Jan St. Werner
acid-metric
19.11 – 21.12.2024
EBENSPERGER
Fichtebunker, Fichtestraße 6, 10967 Berlin
+49 030 20929150 office@ebensperger.net
Three sound-producing objects in three locations.
But rather it is all one location; the sound is present throughout the entirety of the space of the exhibition. These three works each have their own distinct character as regards sound: the dense-spectra drones of Reflector (a detail that sticks with me: a fade out that’s suggestive of the final expulsion of air from lungs, bellows, or bagpipes); the elevated, untiring, unforgiving machinic pulse of Assel (threatening to trigger Diana Deutsch-style aural illusions); and the comparatively lyrical, wildcard assaying of Wolpertinger (mercurial gesture and incident that arguably has the most to say and ties up the three-part assemblage with a bow).
Metal, concrete, wood: a bracing volume level makes the most of this oddly proportioned space and the echoing surfaces of its walls. I find myself rubbernecking to identify the source of a particular sound and realize that what I’m hearing is primarily reflection. (The reflection becomes the source.)
The objects themselves are fully themselves, polished metal or wood painted black, and assuming pride of place. There are no hidden speakers in this exhibition.

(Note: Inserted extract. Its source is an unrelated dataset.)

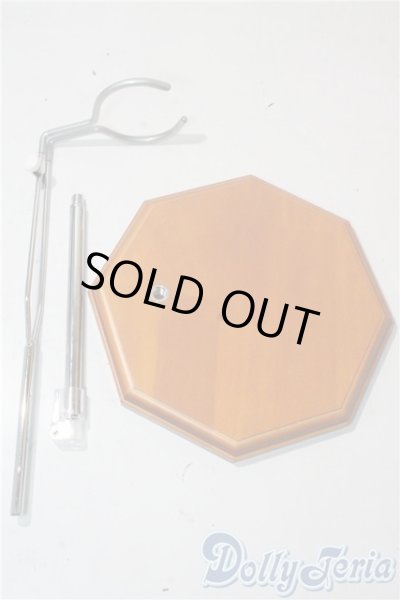 画像1: 木製スタンド/Aタイプ（腰支えスタンド） U-25-09-16-204-TN-ZU (1)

For an encounter seemingly predicated on the experience of sound, the objects themselves invite close inspection with their subtle assymetries and refusal of parallelism, no two sides the same.
The sound materials, if you must? Until the membrane or horn of the speakers are activated, it’s data. The source is generated via software, engages electronic circuitry, and the speakers then transfer energy to the medium of air, with unique results in a sound environment ever in flux.
—
The moment of exchange
in which it becomes manifest
“the other that you would not want to hide” (JW).